Asimov went on to write many more robot stories, including several involving future Earth policeman Lige Baley and his alien, humanoid-looking robot and sometime partner Daneel Olivaw (the best of which are the first two: The Caves of Steel and The Naked Sun).
One story became a particularly bad film: “The Bicentennial Man.” Although the story was written about the time of the nation's bicentennial, it had nothing to do with that event (it was written for an anthology of that title, with no proscription as to how the title was to be interpreted). Instead, Asimov wrote the 200-year history of a robot, created with Asimov's Three Laws, that develops a mind of its own and wants to become human. The film makes it a mostly funny story with a cutesy Robin Williams robot, but the story, while sentimental, is serious.
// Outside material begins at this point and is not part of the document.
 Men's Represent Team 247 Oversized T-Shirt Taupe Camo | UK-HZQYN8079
Maybe the title had something to do with the director's decision to go that way (a novel, expanded from the story by Robert Silverberg, changed the title to The Positronic Man)
All of Asimov's robot stories were originally collected in I, Robot and The Rest of the Robots, but Asimov kept writing more. Those stories and additional ones were included in The Complete Robot and, later, many of the same ones were in Robot Visions.
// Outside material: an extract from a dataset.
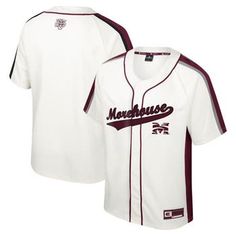 If vintage Morehouse Maroon Tigers style is what you seek, this Colosseum Ruth button-up baseball jersey is the perfect way to convey your loyalty. It features a throwback look thanks to its off-white color and tackle twill graphics. On top of that, the sewn-on shoulder stripes and raglan sleeves add flair to the classic Morehouse Maroon Tigers design. Embroidered fabric applique Officially licensed Sewn-on stripes Machine wash, tumble dry low Material: 100% Polyester Woven jock tag Full-button Collegiate Cotton Baseball Jersey With Short Sleeves, Collegiate Cotton Jersey For Baseball Season, Varsity Style Baseball Jersey With Short Sleeves, Throwback Short Sleeve Baseball Jersey For Game Day, Throwback Cotton Baseball Jersey For Game Day, College Baseball Season Short Sleeve Jersey, Streetwear Tops With Team Logo And Baseball Collar, Baseball Jersey With Team Logo For Streetwear, Collegiate Short Sleeve Jersey For College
Critic and author James Gunn observed that, despite continuing characters and the same general background, Asimov's robot stories don't all quite fit in the same timeline. Gunn called them variations on a robot. The best of them also are mysteries of a sort: “Why did the robot malfunction?” and “How can the problem be solved or fixed?”
Since Asimov's death in 1992, much of his backlog has become harder to find, but libraries usually have a good assortment of his books, and some of them are becoming available as e-books. Doubleday published many of these originally, and is now part of Random House.